State officials around the country have aimed to help struggling restaurants, bars, breweries, and wineries by deregulating sales restrictions during the COVID-19 shutdown. While these measures were initially temporary, their popularity and success has led to many states making these changes permanent.
Lawmakers in Oregon, however, are looking to do the exact opposite of helping struggling businesses. Under House Bill 3296, two of the state’s top industries for tourism – breweries and wineries – would be slammed with a massive tax hike. HB 3296 calls for a 2,700% tax increase on beer and a 1,500% tax increase on wine.
Right now, Oregon has some of the lowest tax rates on beer and wine in the entire country; the current tax on a barrel of beer is $2.60 (8.4¢ per gallon) and the wine tax is 67¢ per gallon. If HB 3296 is passed, the taxes on barrels beer and wine would rise to $72.60 and $10.67, respectively. This massive tax hike would cripple the Oregon beer and wine industry, possibly forcing businesses to shut down altogether. In fact, if this bill passes, some business owners say they would pay more in taxes than what they make in net profits.
“First of all, it’s a ludicrous tax. To go from $2.60 cents to $72.60 is actually like just bonkersville,” said John Harris, founder and brewmaster of Ecliptic Brewing in Portland. “This proposal…would cost me $840,000 dollars. I don’t make $840,000 a year.”

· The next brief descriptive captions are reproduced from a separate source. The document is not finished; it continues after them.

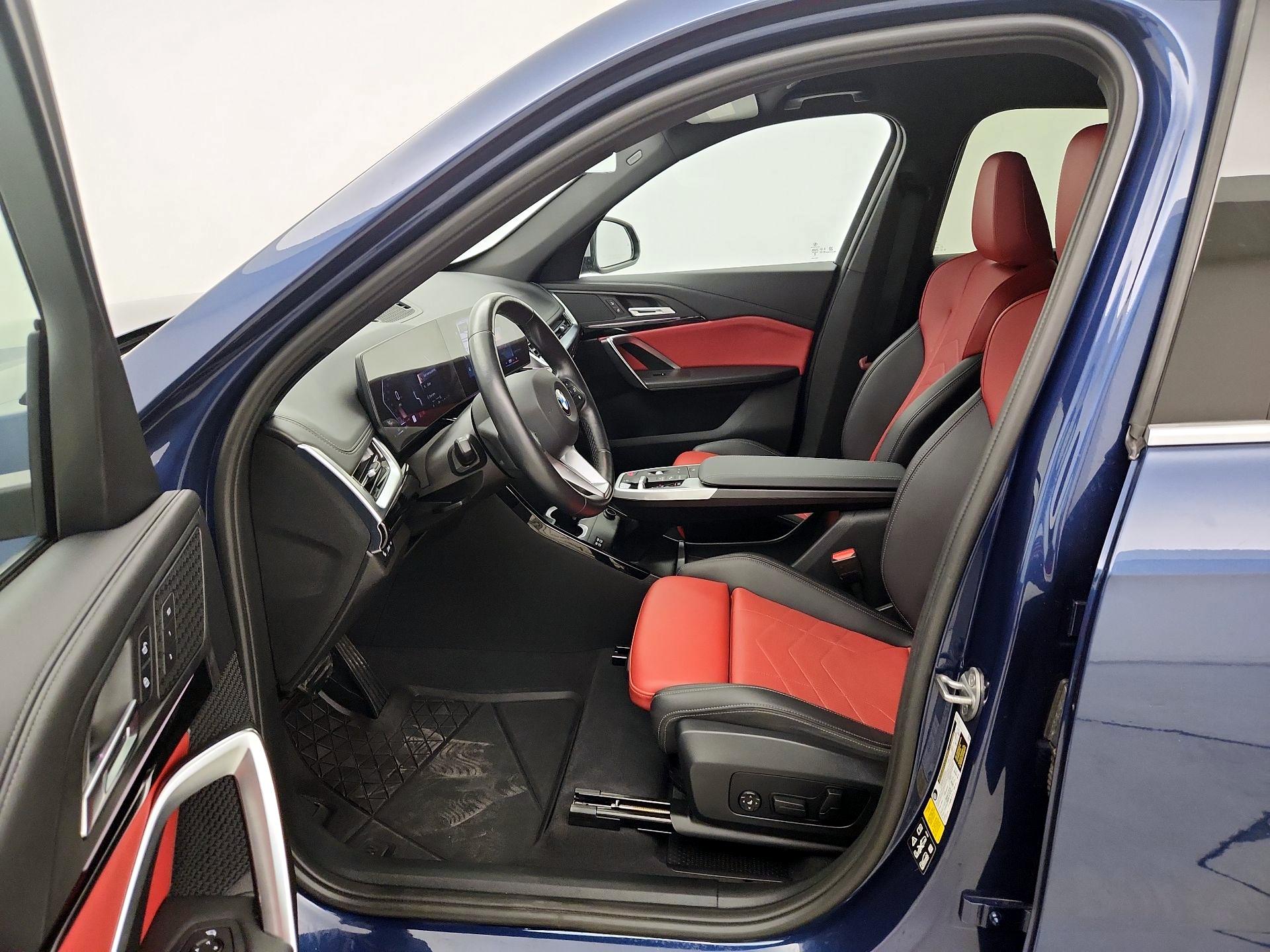 Thumbnail: 2023 BMW X1 - 11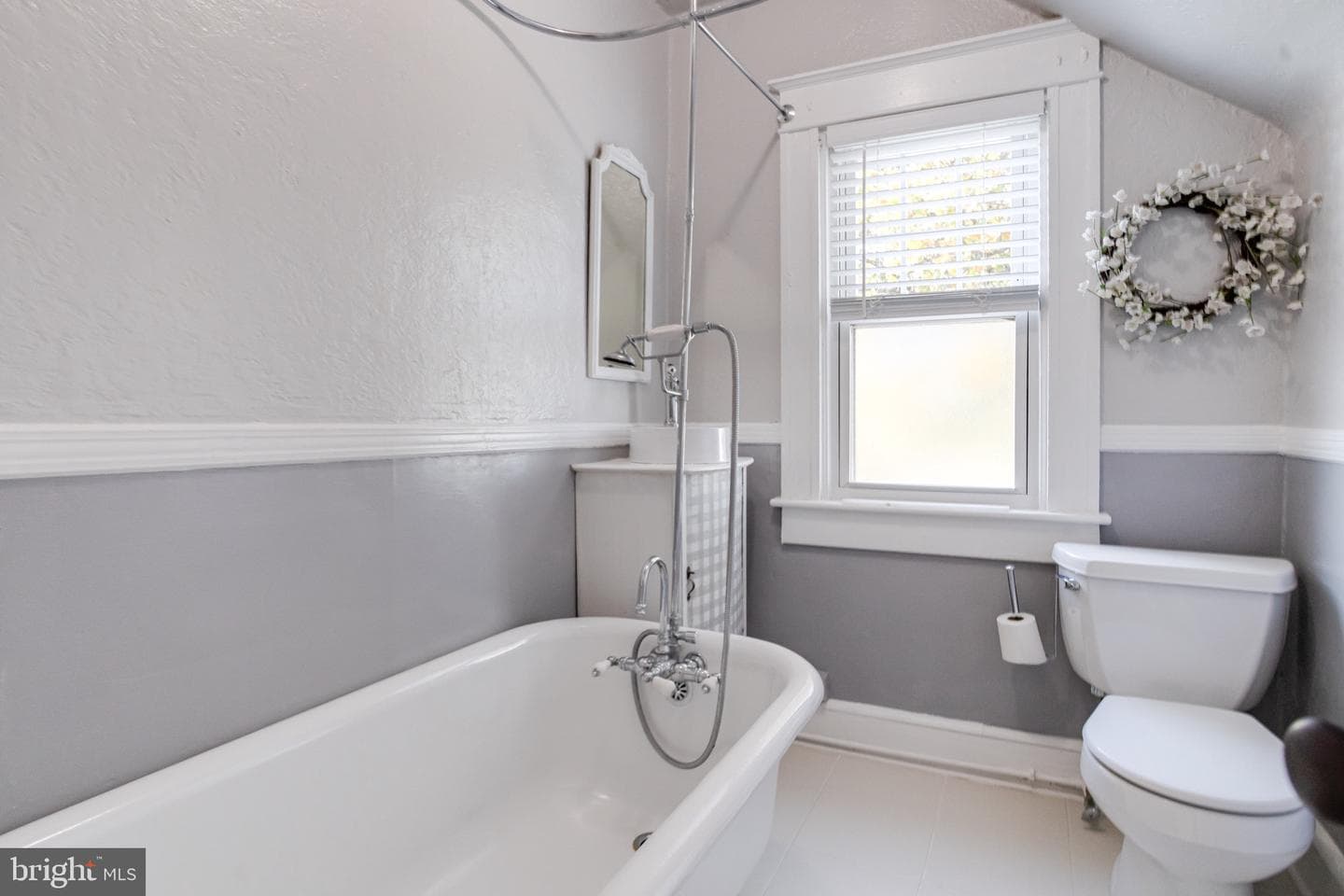 1329 Pine Grove Avenue photo 50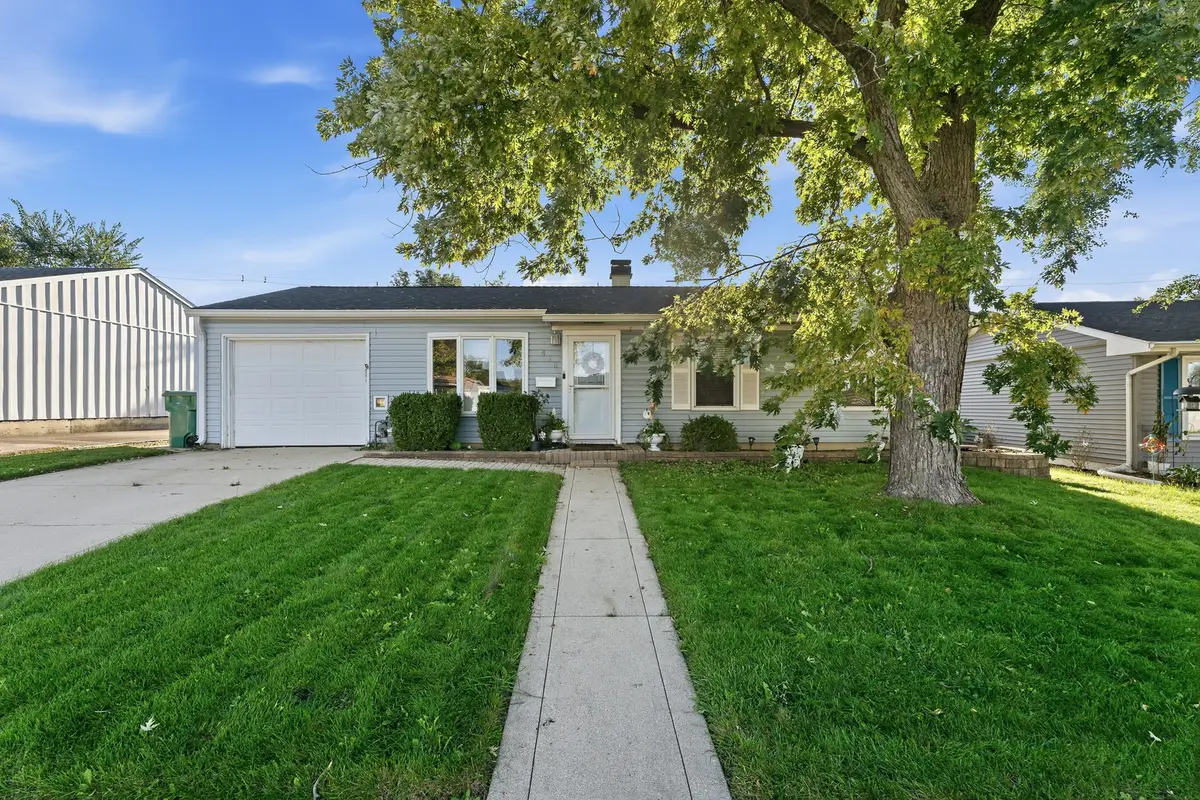 428 Kenyon Avenue, Romeoville, IL 60446 - #1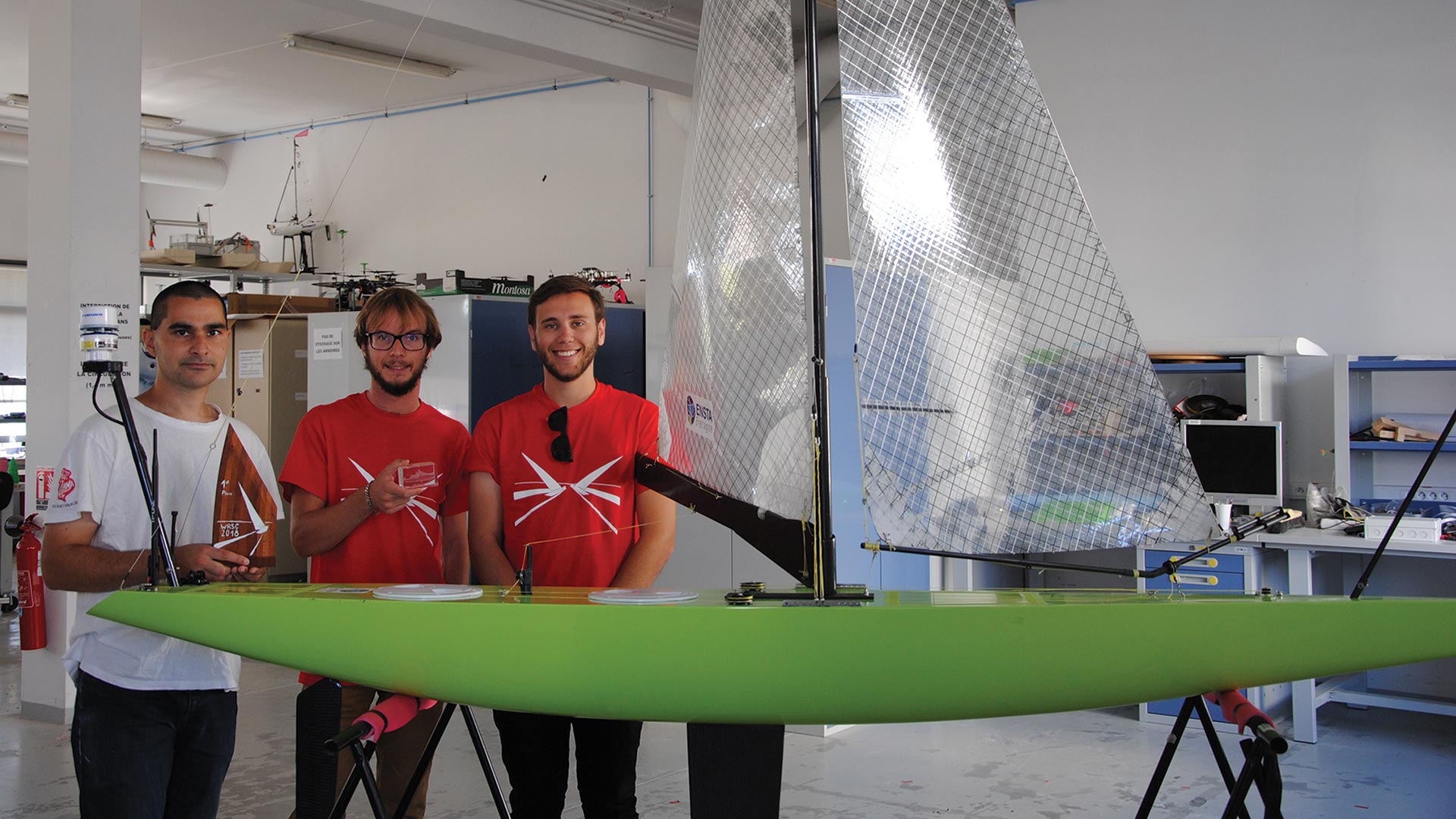 ENSTA Bretagne : équipe ENSTA Bretagne victorieuse à la coupe du monde de robots voiliers WRSC 2018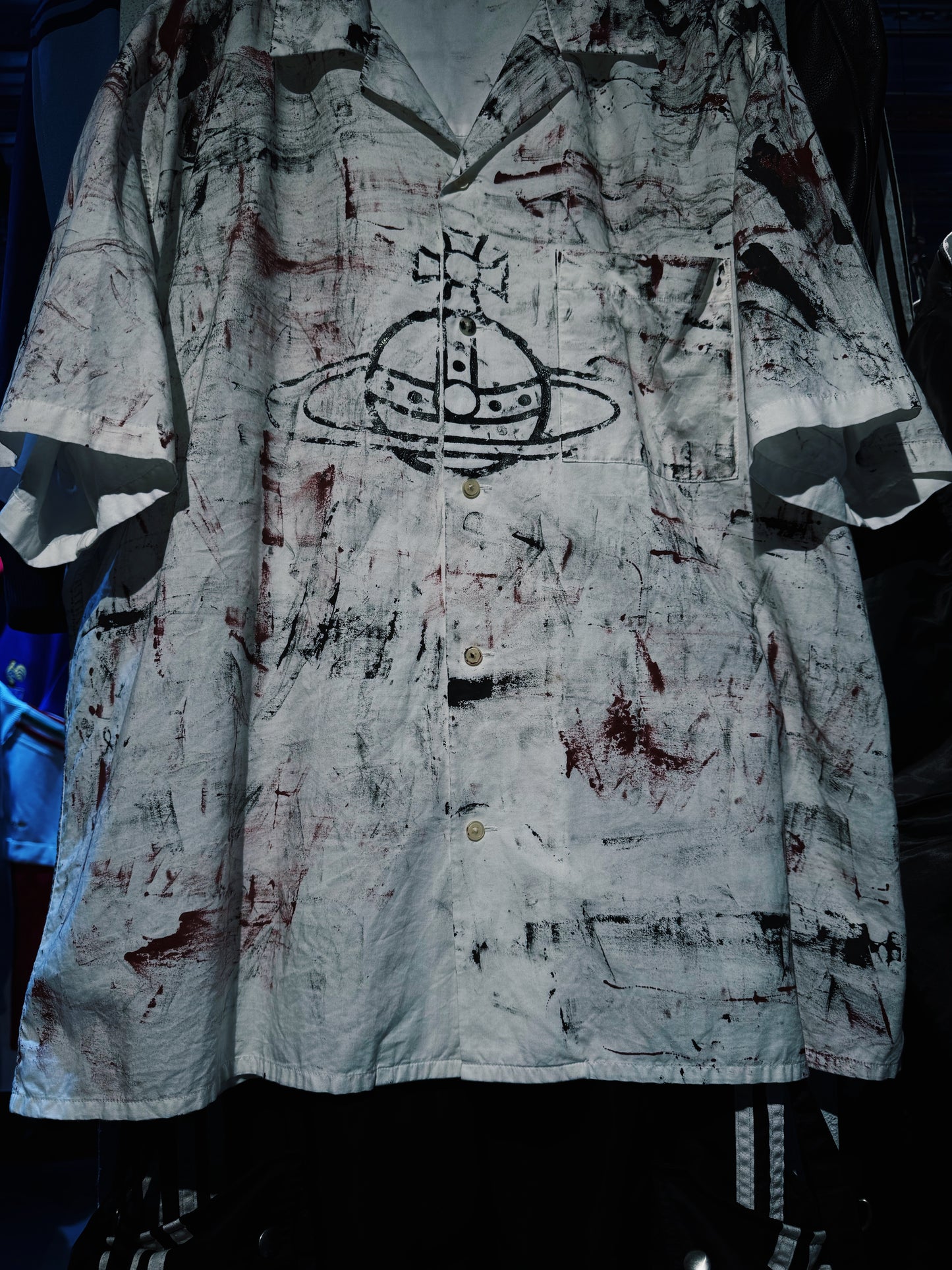vivid notes"The Anarchist's short sleeve Orbit shirt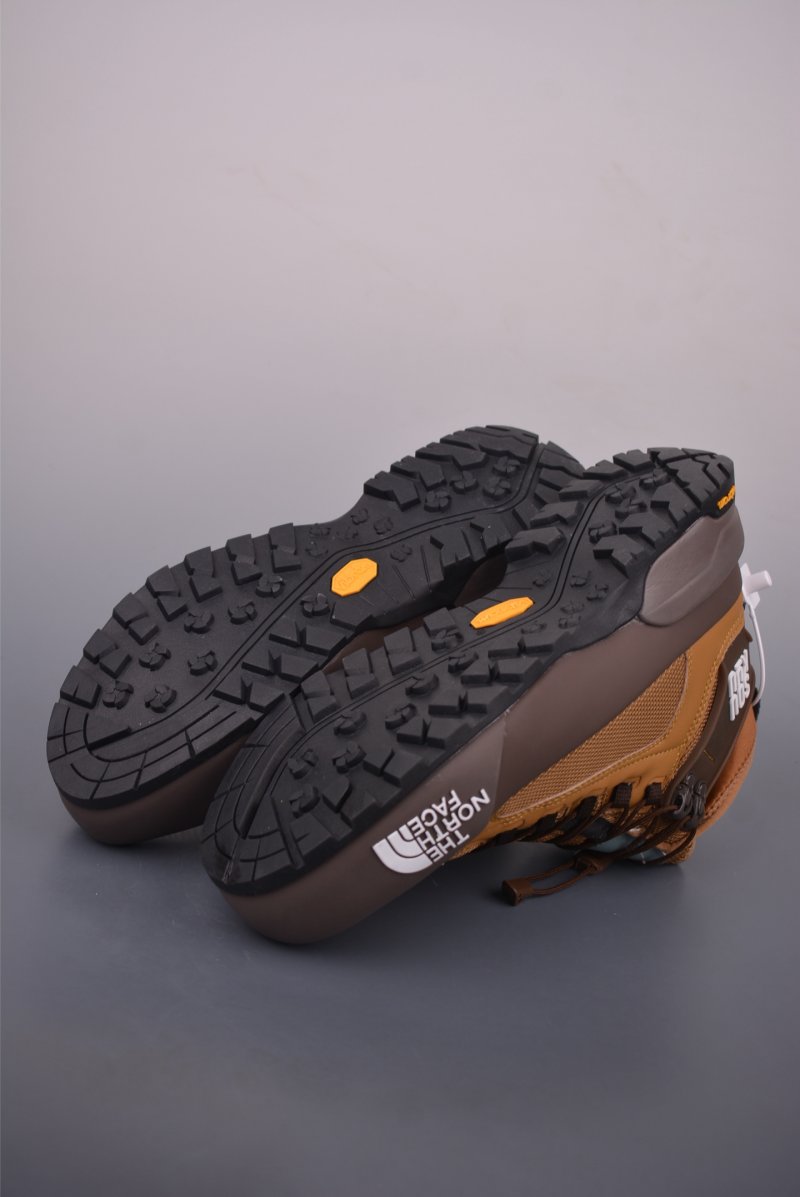 The North Face Men's Chilkat 'Gold' view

Alex Sokol, co-president of Sokol Blosser Winery and Evolution Wines in Yamhill County, said it would be “cheaper for someone to buy our wine in New York City, and have it shipped here than to buy it from your local grocery store.”
Before the pandemic, the beer industry in Oregon brought in $6.6 billion in sales and supported 43,000 jobs in the state. The Beer Institute estimates, however, that Oregon’s beer industry lost 9,303 jobs and experienced a $263 million decline in sales as a result of the COVID-19 pandemic. According to an economic impact study by the Oregon Wine Board, over 11,000 jobs were lost from the wine industry along with over $1.4 billion in economic impacts by the end of 2020.
The proposed excise tax increases would result in additional unnecessary destruction to industries that play an important role in the state economy. Many jobs are already at-risk or have been lost – a tax increase would only make it significantly harder for local business to get back on their feet and to keep Oregon’s economy on a path forward to recovery. By imposing a punitive tax that will drive up the cost of beer and wine sold in Oregon, state lawmakers would be taking fiscal policy in the wrong direction, harming employers and consumers with a regressive tax hike at a time when tax relief is what is needed.